New Construction. This class represents the initial build of an e-project, and falls in the area to the right of the vertical line in the software project management map in Exhibit 1. Just like a new house, cost/benefit analysis, blueprints, approvals (such as building permits), contracts, and legalities are essential steps. It may take months to complete the initial implementation of an e-project. To develop a new online store or a business-to-business exchange might take months.
Remodeling. New feature introductions are typical of remodeling e-projects, which fall in the “e-PM” zone in Exhibit 1. Just like a house, whereby you continue to live in the house during the room addition, new feature introductions are typically done while the online service continues to operate. Due to the dynamic modularity of HTML, new features can be added with little disruption and made available to users immediately. Typically, remodeling projects take weeks to complete.
Maintenance. Every homeowner knows the need for constant maintenance. E-systems are no different, with maintenance performed in real time. Maintenance can include bug fixes, minor enhancements, content changes and additions, and other mundane tasks. Deployment of maintenance projects can occur one or more times a day.
As an Internet site or service evolves, remodeling iterations may dramatically transform it over time.
A summary comparison of traditional and e-projects is shown in Exhibit 2.
Perhaps the biggest challenge in an organization and its e-projects is the “apparent” abandonment of internal processes. Traditional product realization processes have been built over many years and often reflect the culture and hierarchy of the organization. Each step in the process is measured against existing standards prior to advancing to the next step. The traditional “waterfall” process model is focused on quality and cost concerns, with less regard for time. Breaking this paradigm is uncomfortable and unpopular in highly structured organizations.

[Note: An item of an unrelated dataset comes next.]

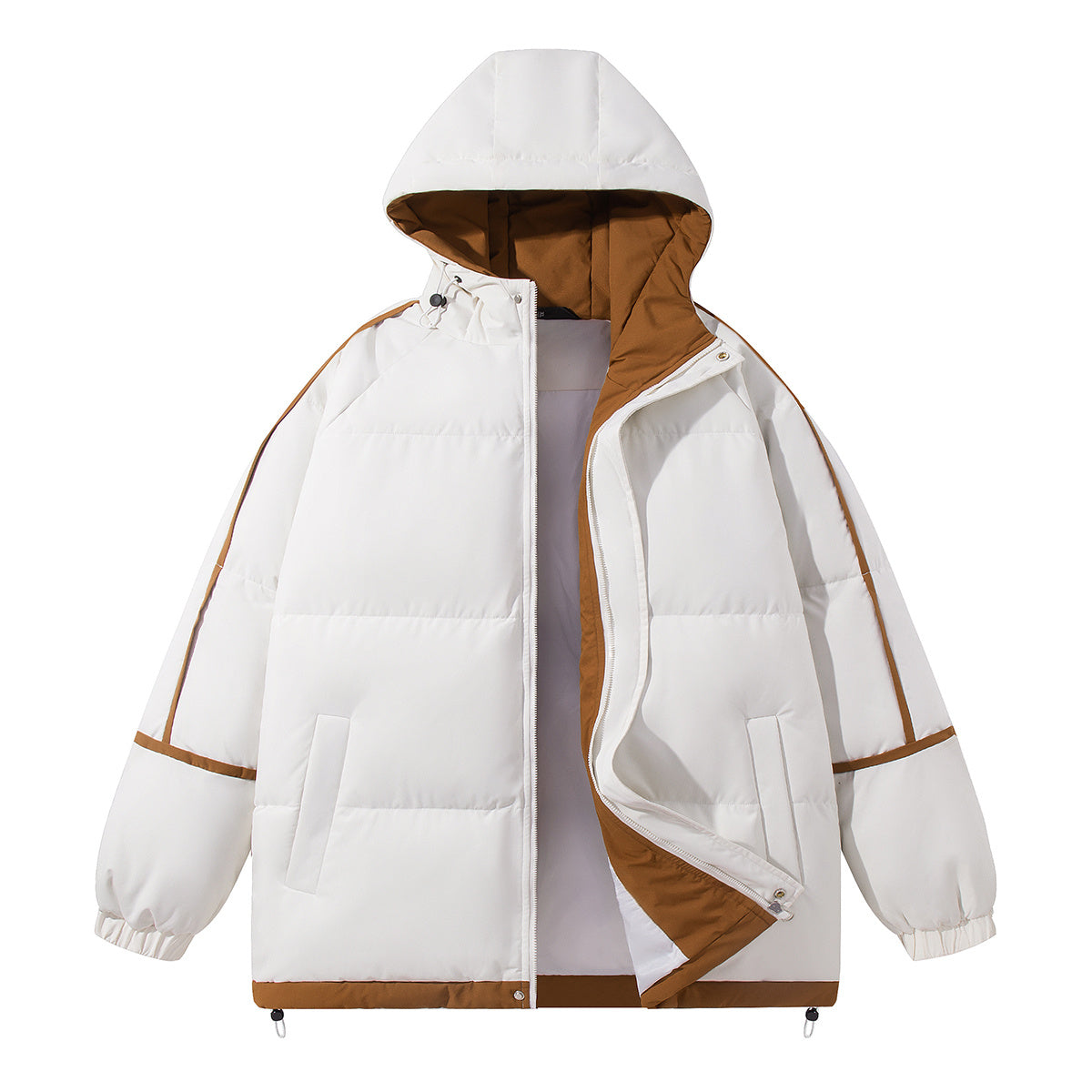 Contrast Striped/Tape Quilted Jacket with Pullover Hood UNISEX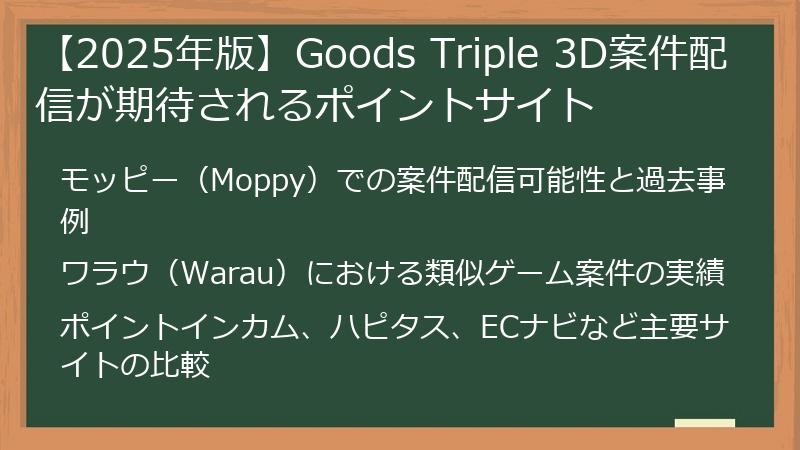 【2025年版】Goods Triple 3D案件配信が期待されるポイントサイト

Nevertheless, the overriding importance of time drives modifications in existing processes, evidenced by the proposal of “light” methodologies by several industry sources. Seven or eight process steps must be reduced to three or four. Five or six layers of signature signoff must be reduced to one, two, or three. While some Internet pundits may claim a complete abandonment of process, we believe there is still a need for process—perhaps more than ever before—to maintain control over the e-business technical infrastructure. However, processes must adapt to the focus on speed, allowing for employee empowerment and organizational creativity.
In fact, there may be three different processes: one for new construction, one for remodeling, and one for maintenance.
New Construction. New construction should follow an accelerated implementation of existing software development processes or adaptations thereof. For example, a simple four-step process for new construction might be such as found in Exhibit 3.
In this “4D” e-process the discover phase is focused on the business analysis of the project. The design phase is used to create requirement documents, technical specifications, and acceptance criteria. Obviously, the develop phase is for programming, graphic design, technical implementation, and quality assurance. The deploy phase includes marketing activities and other post-release activities such as customer service, operations, and fulfillment.
Remodeling. The remodeling process will be an accelerated implementation of the new construction process with the focus on iterative design and develop phases. Usually discovery and deployment issues are associated with the whole project, not just new feature introductions, unless the remodeling project directly impacts those phases.
The remodeling process is iterative, as illustrated in Exhibit 4. Remodeling projects are ongoing and rapidly cycle through the design and develop phases. Unlike new construction, these projects are not necessarily planned well in advance but rather are part of an ongoing enhancement cycle. This type of activity must be anticipated, allowing for flexible resource allocation (financial and human resource) and rapid turnaround.
Maintenance. The maintenance process is empowered through a microrelease process. If there are many “maintenance releases” a day, process rigor must be streamlined to accommodate very fast execution of configuration management. This iterative and dynamic process can be accomplished with a single microrelease page, such as is shown in Exhibit 5, similar to what is in use today by one of our clients. In this microrelease scenario, each maintenance item is tracked through a series of one-page forms, kept in a notebook, and logged with other project deliverables. And just as the process is rigorous, resources need to be organized to accommodate these types of changes.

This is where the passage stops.